Essentials of Negotiation
Chapter 5
Perception, cognition, and communication are fundamental processes that govern how individuals construct and interpret the interaction that takes place in a negotiation. Reduced to its essence, negotiation is a form of interpersonal communication, which itself is a subset of the broader category of human perception and communication. Perception and cognition are the basic building blocks of all social encounters, including negotiation, in the sense that our social actions are guided by the way we perceive and analyze the other party, the situation, and our own interests and positions.

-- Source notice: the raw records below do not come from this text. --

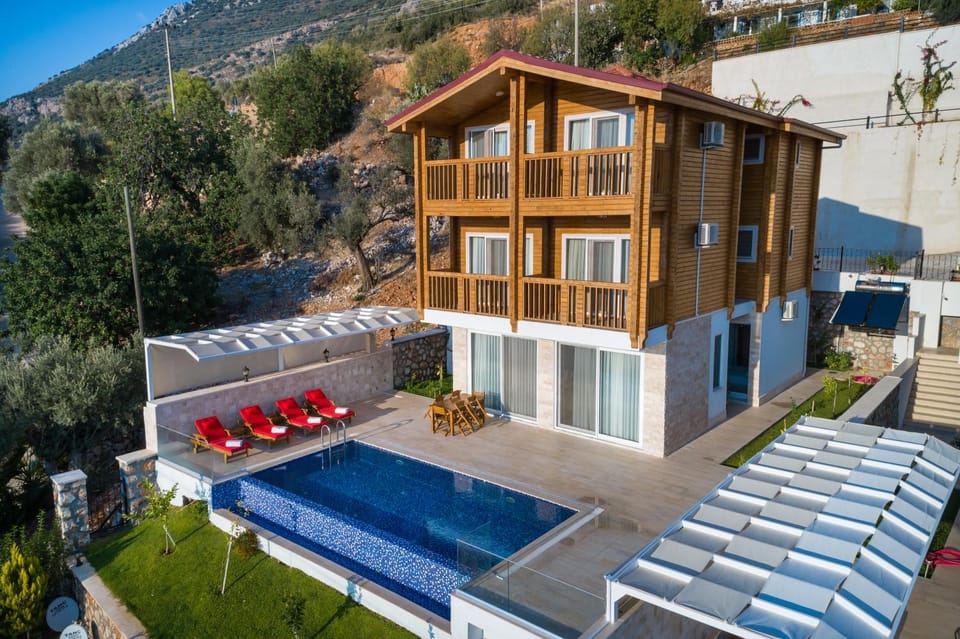 Property building, Swimming pool, Swimming pool, sunbed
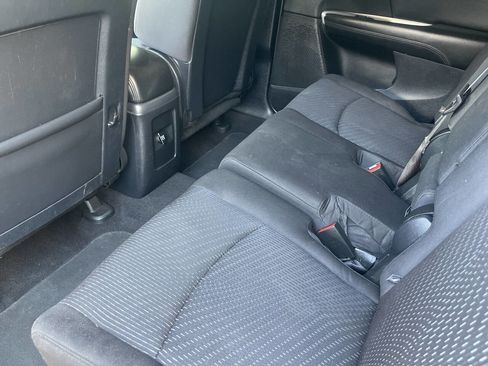 Used 2017 Dodge Journey SXT w/ Comfort/Convenience Group image 15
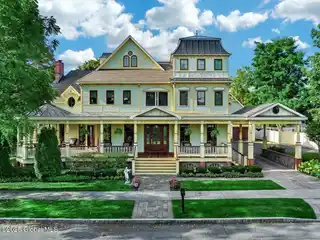 Timeless Victorian Style with Refined Modern Living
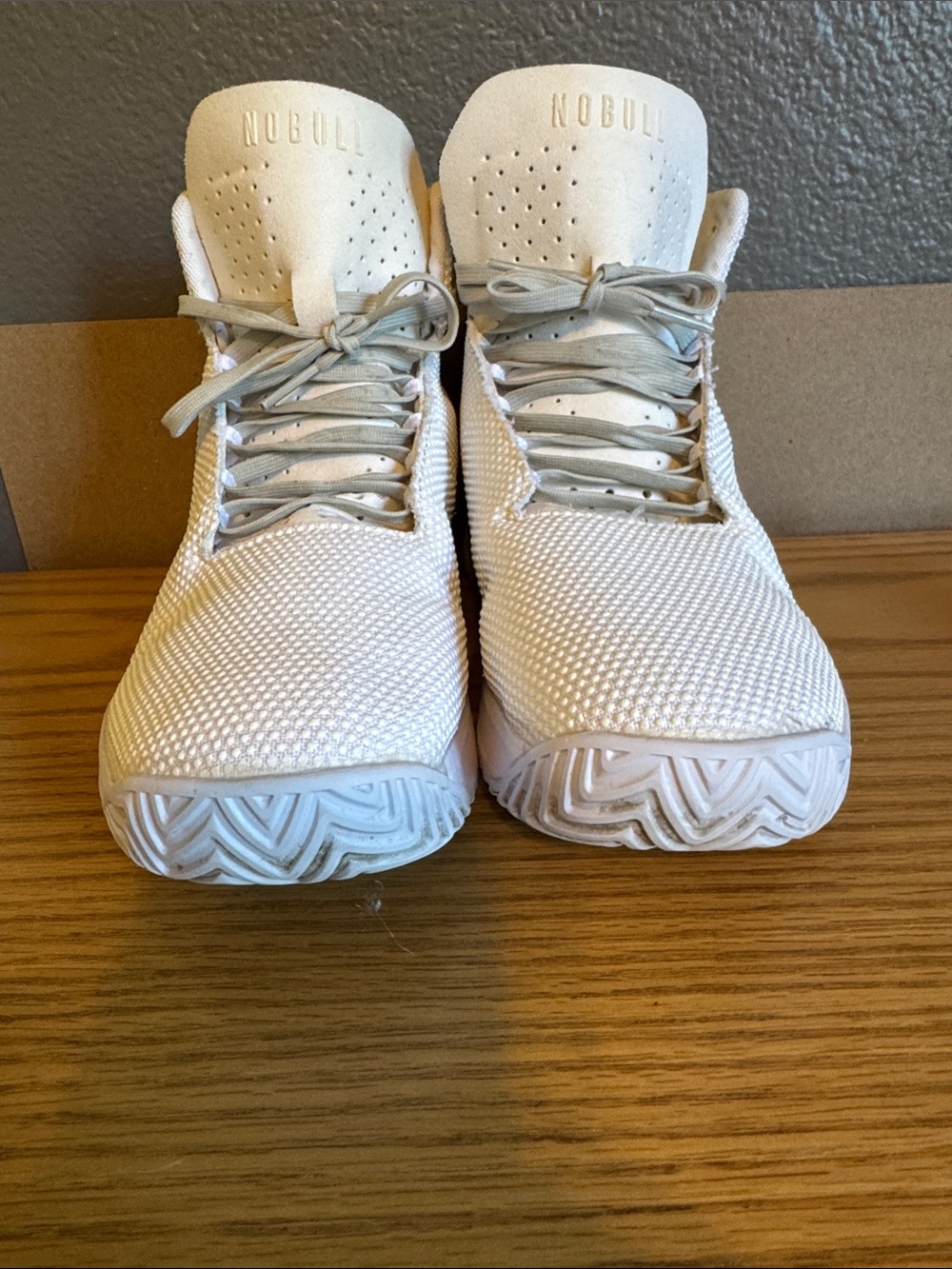 Women’s NOBULL workout shoes in size Women’s 9 (men’s 7.5) pure white. - Picture 1 of 10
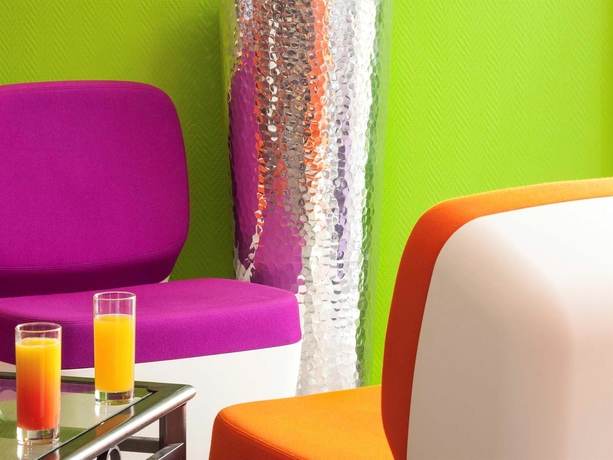 Imagen del bar/restaurante del Hotel Ibis Styles Besançon. Foto 5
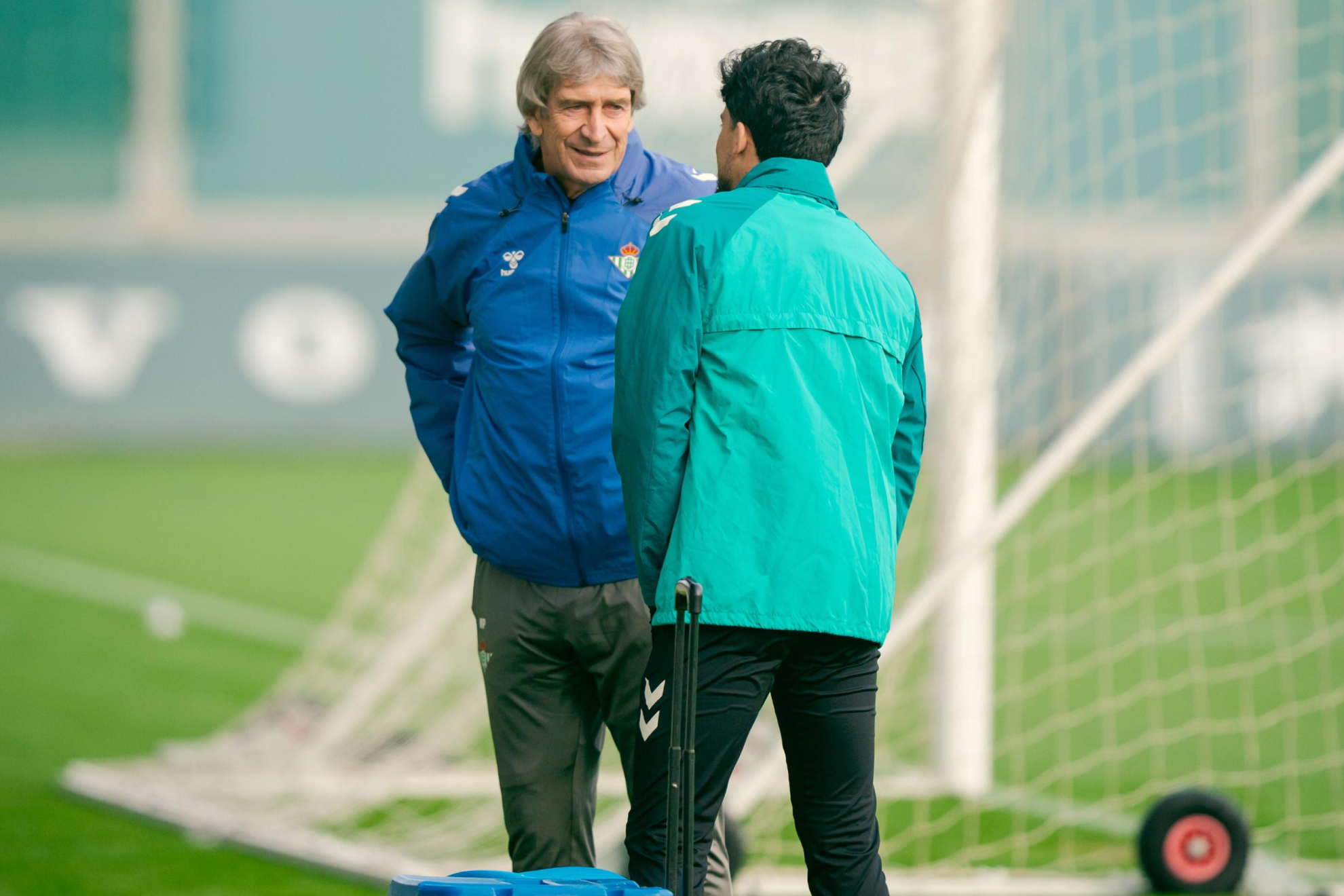 Betis receive double fitness boost as Llorente and Junior return to training - Real Betis news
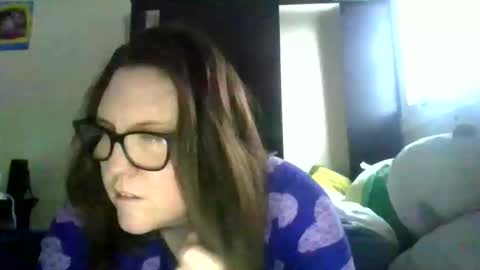 Snapshot of fuzzypeaches87 chatting on 22, 3, 2026 fuzzypeaches87 online show from 22, 3, 2026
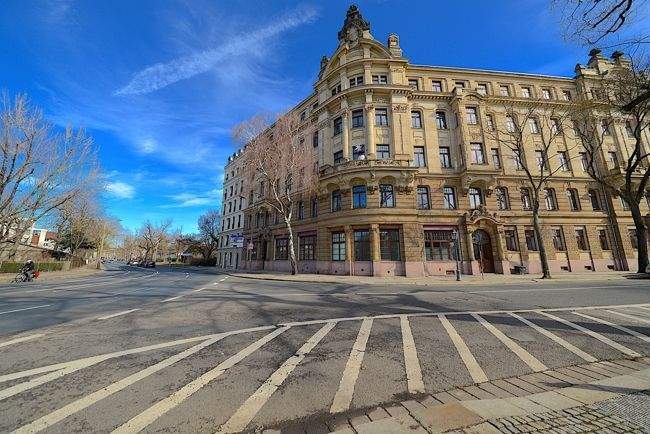 Etagenwohnung Dresden Innere Neustadt - 3 Zimmer, 90 m&sup2;, 1.448&euro; | Angebot:25768402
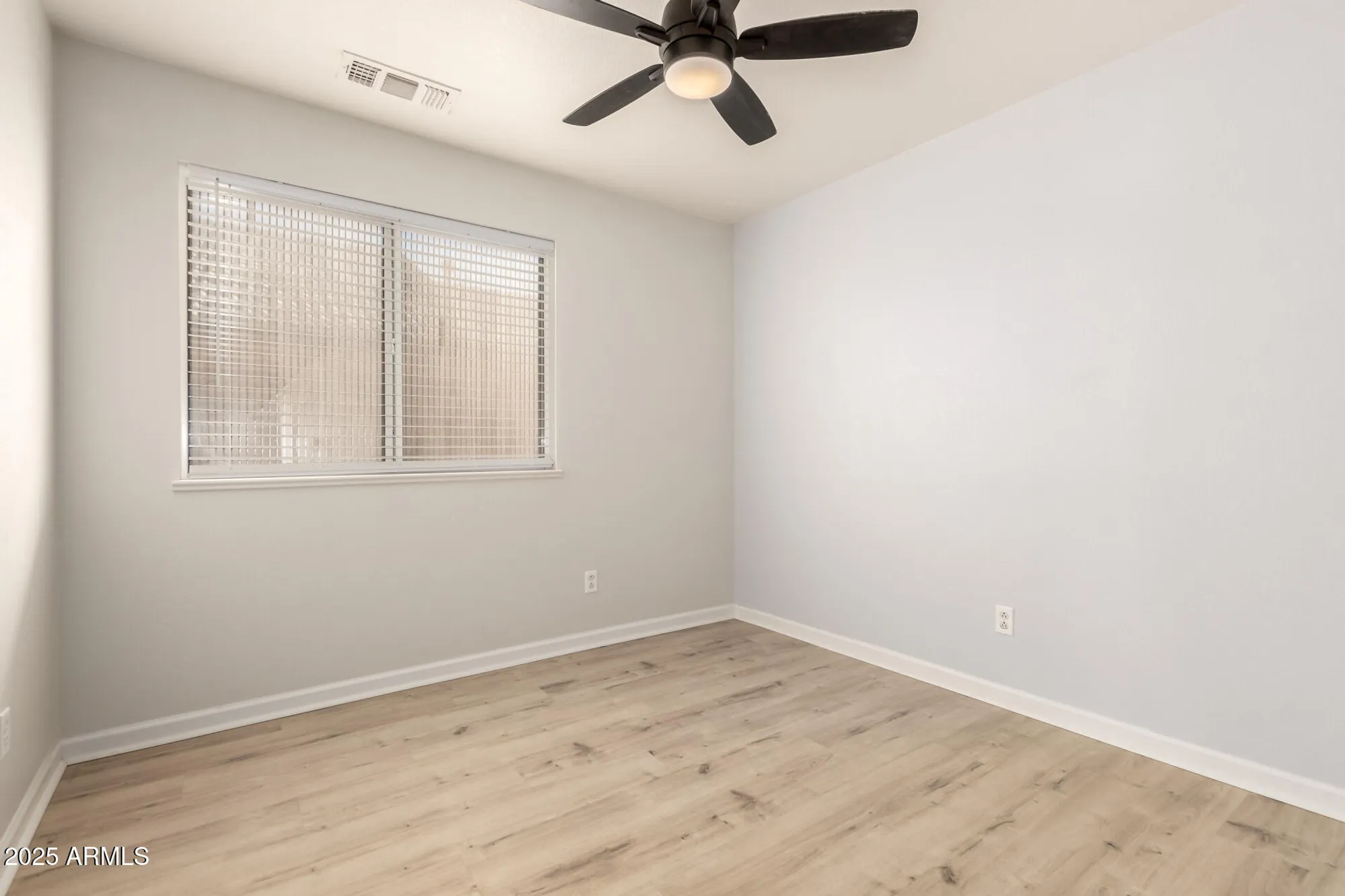 Property Slideshow image 21 of 39 | 20037 n 110th ln, Sun City, AZ, 85373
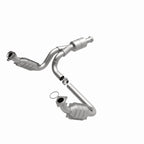 MagnaFlow Conv DF 09-13 Chevy Avalanche 5.3L catalytic converter for off-road performance upgrades
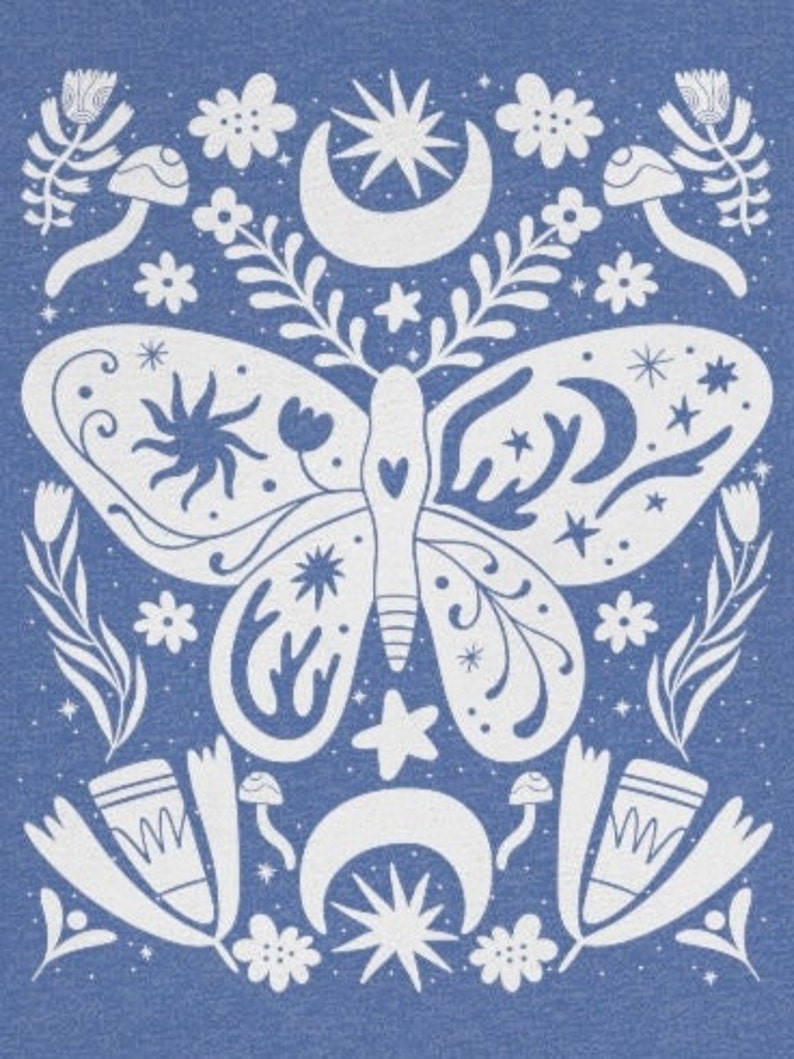 Puede incluir: Una mariposa blanca con intrincados dise&ntilde;os florales en sus alas, rodeada de estrellas, lunas y flores sobre un fondo azul.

Negotiators approach each negotiation guided by their perceptions of past situations and current attitudes and behaviors. Perception is the process by which individuals connect to their environment. Perception is a “sense-making” process; people interpret their environment so that they can respond appropriately. In any given negotiation, the perceiver’s own needs, desires, motivations, and personal experiences may create a predisposition about the other party. Such predispositions are most problematic when they lead to biases and errors in perception and subsequent communication.
Stereotyping and halo effects are examples of perceptual distortion by generalization: small amounts of perceptual information are used to draw large conclusions about individuals. Selective perception and projection are, in contrast, examples of perceptual distortion by the anticipation of encountering certain attributes and qualities in another person. Stereotyping is a very common distortion of the perceptual process. Stereotyping occurs when one individual assigns attributes to another solely on the basis of the other’s membership in a particular social and demographic group. Halo effects in perception are similar to stereotypes. Halo effects occur when people generalize about a variety of attributes based on the knowledge of one attribute of an individual and are as common as stereotypes in negotiation. Selective perception occurs when the perceiver singles out certain information that supports or reinforces a prior belief, and filters out information that does not confirm that belief. Projection occurs when people ascribe to others the characteristics or feelings that they possess themselves. People have a need to see themselves as consistent and good.
Another key issue in perception and negotiation is framing. A frame is the subjective mechanism through which people evaluate and make sense out of situations, leading them to pursue or avoid subsequent actions.
Rather than being perfect processors of information, it is quite clear that negotiators have a tendency to make systematic errors when they process information. These errors, collectively labeled cognitive biases, tend to impede negotiator performance; they include the irrational escalation of commitment, the mythical belief that the issues under negotiation are all fixed-pie, the process of anchoring and adjustment in decision making, issue and problem framing, the availability of information, the winner’s curse, negotiators overconfidence, the law of small numbers, self-serving biases, the endowment effect, the tendency to ignore others’ cognitions, and the process of relative devaluation.
Misperceptions and cognitive biases arise automatically and out of conscious awareness as negotiators gather and process information. Negotiators may apply several different frames to the same negotiation. When different negotiators apply different, or mismatched, frames, they will find the bargaining process ambiguous and frustrating. In such situations, it may become necessary to reframe the negotiation systematically, to assist the other party in reframing the negotiation, or to establish a common frame or set of frames within which the negotiation may be conducted more productively. Negotiators can also reframe by trying to perceive or understand the situation in a different way or from a different perspective.
Given the many ways that communication can be disrupted and distorted, we can only marvel at the extent to which negotiators can actually understand each other. Failures and distortions in perception, cognition, and communication are the most dominant contributors to breakdowns and failures in negotiation.
As negotiations come to a close, negotiators must attend to two key aspects of communication and negotiation simultaneously: the avoidance of fatal mistakes and the achievement of satisfactory closure in a constructive manner.